In the post-pandemic world, business leaders need to focus on employee health and happiness, especially on mental health and long-term wellbeing in order to maintain a productive and thriving workplace collective. But while the majority of businesses focus on individual perks and changes to their workplace, you want to take a comprehensive approach to employee wellbeing.

Why? Because your goal should be to address all their needs in the new normal and discover what it is that really makes a difference over the long term. One of the things you might not have considered is technology. Specifically, how using CRM (customer relationship management) software can help your teams thrive, not just by delivering better results, but by becoming happier, more engaged, and more productive.

CRM is just one of the tools you can use, but it is an essential one that every small business needs nowadays. Now, let’s put that into perspective and talk about the ways in which a good CRM implementation can bring numerous internal benefits to your employee collective. 

CRM can enhance onboarding

While many business leaders think of CRM software as a tool to boost your existing processes and employee experience, you should also consider how CRM can boost onboarding as a whole. For new hires, transparency and having access to as much valuable data as possible is crucial.

If you want them to become productive team members quickly, then you need to complement your onboarding process with CRM onboarding. CRM onboarding allows new hires access to important customer data, workflows, schedules, account details, teams and team members, and much more – all of which is important for data they can use to internalise your processes.

Your CRM software will also be instrumental in getting new hires involved in internal team collaboration as well as cross-department collaboration. 

CRm for CPD

A comprehensive CRM system can be a treasure trove of valuable data. That’s not just data about your customers that your teams can use to improve their service and campaigns – it’s also data they can use to improve their internal team processes. By improving their internal and customer-facing processes, they’ll be able to continuously achieve better results.

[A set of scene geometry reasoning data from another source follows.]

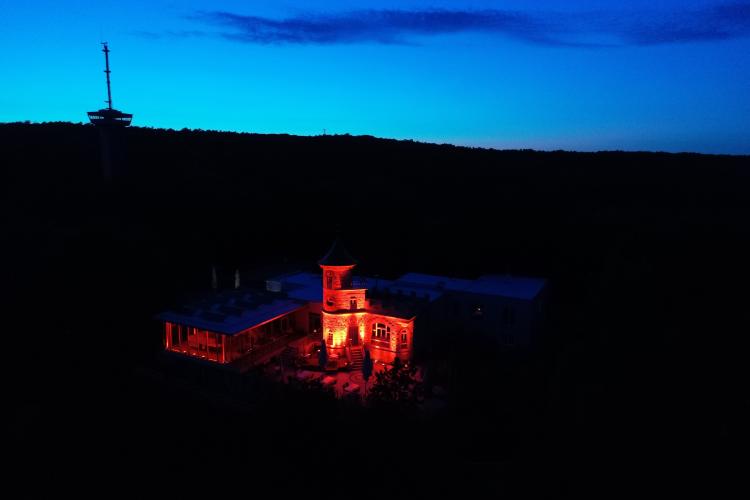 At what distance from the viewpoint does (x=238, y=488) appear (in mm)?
13773

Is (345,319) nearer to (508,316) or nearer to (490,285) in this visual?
(508,316)

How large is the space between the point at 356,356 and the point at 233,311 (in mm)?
5896

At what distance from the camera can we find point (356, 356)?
2167cm

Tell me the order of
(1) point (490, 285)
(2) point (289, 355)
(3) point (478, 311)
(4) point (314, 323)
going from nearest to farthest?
1. (2) point (289, 355)
2. (3) point (478, 311)
3. (4) point (314, 323)
4. (1) point (490, 285)

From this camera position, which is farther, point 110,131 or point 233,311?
point 110,131

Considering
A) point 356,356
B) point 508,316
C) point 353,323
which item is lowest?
point 356,356

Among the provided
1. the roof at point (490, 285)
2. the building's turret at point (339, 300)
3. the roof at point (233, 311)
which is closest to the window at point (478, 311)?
the roof at point (490, 285)

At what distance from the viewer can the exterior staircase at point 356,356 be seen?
841 inches

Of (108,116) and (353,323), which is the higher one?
(108,116)

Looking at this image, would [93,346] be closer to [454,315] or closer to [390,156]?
[454,315]

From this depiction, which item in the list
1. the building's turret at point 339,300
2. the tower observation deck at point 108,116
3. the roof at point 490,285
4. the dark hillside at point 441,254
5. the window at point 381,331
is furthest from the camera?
the tower observation deck at point 108,116

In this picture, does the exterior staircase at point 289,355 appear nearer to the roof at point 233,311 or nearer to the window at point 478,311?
the roof at point 233,311

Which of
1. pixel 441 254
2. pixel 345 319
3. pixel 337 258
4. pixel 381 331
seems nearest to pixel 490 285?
pixel 381 331

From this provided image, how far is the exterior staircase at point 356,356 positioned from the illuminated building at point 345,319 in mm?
47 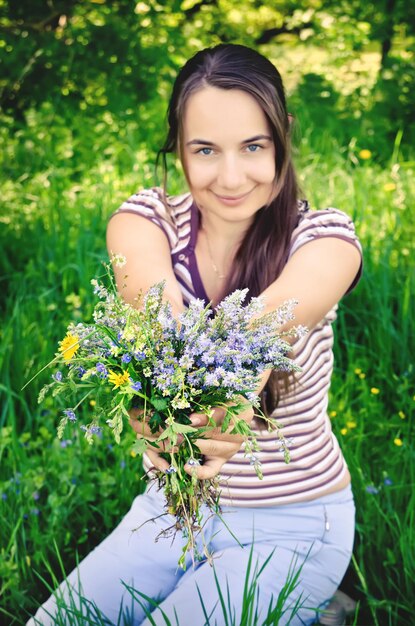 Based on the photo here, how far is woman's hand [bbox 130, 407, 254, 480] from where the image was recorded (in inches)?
57.9

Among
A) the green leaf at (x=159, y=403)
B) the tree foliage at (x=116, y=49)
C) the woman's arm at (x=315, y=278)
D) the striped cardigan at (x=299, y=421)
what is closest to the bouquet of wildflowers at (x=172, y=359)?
the green leaf at (x=159, y=403)

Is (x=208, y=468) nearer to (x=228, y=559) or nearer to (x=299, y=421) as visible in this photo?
(x=228, y=559)

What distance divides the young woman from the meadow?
0.73 feet

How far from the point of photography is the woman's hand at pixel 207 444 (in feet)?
4.83

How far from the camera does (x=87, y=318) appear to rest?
292 cm

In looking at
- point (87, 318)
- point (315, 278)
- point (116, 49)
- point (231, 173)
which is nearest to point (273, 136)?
point (231, 173)

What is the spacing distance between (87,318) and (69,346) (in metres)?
1.63

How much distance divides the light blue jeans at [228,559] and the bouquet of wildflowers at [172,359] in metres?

And a big part of this comes down to continuous professional development (CPD), which you can facilitate through your CRM platform. Analysing the customer data within, but also the workflows, communication, and collaboration between teams, managers can identify the common pain-points and the opportunities for improvement.

You can then craft actionable plans and strategies for continuous professional development for different team members, and personalise the strategies to their position and role in the company. 

CRM for honest and regular employee feedback

CRM is a crucial tool for many internal company processes, and that includes empowering and gathering employee feedback. Team leads and business leaders need to incentivise their employees to share their experience in the workplace, and provide honest feedback on a regular basis. Why? Because only with the right and timely feedback can you hope to improve your internal processes and make the lives of your employees easier, and their days more productive.

Your CRM can be the perfect tool to achieve these goals. Because of its reporting capabilities, a good CRM tool can have robust feedback functions and forms that you can optimise for your needs. These can be end-of-shift feedback forms or mental health check-ins, and you can set them to be anonymous if you want to further incentivise your employees to provide honest feedback to the higher-ups. 

CRM for corporate wellness and Employee needs

Before we move into the benefits of using CRM software for workplace performance and collaboration, let’s talk about the importance of assessing corporate wellness in the modern workplace and what it means to meet the needs of your employees. It’s important to keep in mind that the needs of the modern workforce are always evolving, so your wellness programs need to evolve as well.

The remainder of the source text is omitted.